WHAT TO WORK ON = Copy out the records so that each line matches the original.

(Beginning of GIVEN ENTRIES)

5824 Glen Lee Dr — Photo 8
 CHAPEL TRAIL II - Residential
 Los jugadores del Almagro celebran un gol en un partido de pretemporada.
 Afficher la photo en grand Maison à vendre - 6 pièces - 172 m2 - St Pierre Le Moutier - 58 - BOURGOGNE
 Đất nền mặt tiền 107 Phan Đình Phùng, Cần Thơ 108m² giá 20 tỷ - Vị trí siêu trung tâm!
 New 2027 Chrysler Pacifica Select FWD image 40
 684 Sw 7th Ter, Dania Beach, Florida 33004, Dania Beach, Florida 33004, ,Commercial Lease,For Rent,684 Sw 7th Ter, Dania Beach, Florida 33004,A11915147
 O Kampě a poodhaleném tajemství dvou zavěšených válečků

(End of GIVEN ENTRIES)

RESPONSE =
5824 Glen Lee Dr — Photo 8
 CHAPEL TRAIL II - Residential
 Los jugadores del Almagro celebran un gol en un partido de pretemporada.
 Afficher la photo en grand Maison à vendre - 6 pièces - 172 m2 - St Pierre Le Moutier - 58 - BOURGOGNE
 Đất nền mặt tiền 107 Phan Đình Phùng, Cần Thơ 108m² giá 20 tỷ - Vị trí siêu trung tâm!
 New 2027 Chrysler Pacifica Select FWD image 40
 684 Sw 7th Ter, Dania Beach, Florida 33004, Dania Beach, Florida 33004, ,Commercial Lease,For Rent,684 Sw 7th Ter, Dania Beach, Florida 33004,A11915147
 O Kampě a poodhaleném tajemství dvou zavěšených válečků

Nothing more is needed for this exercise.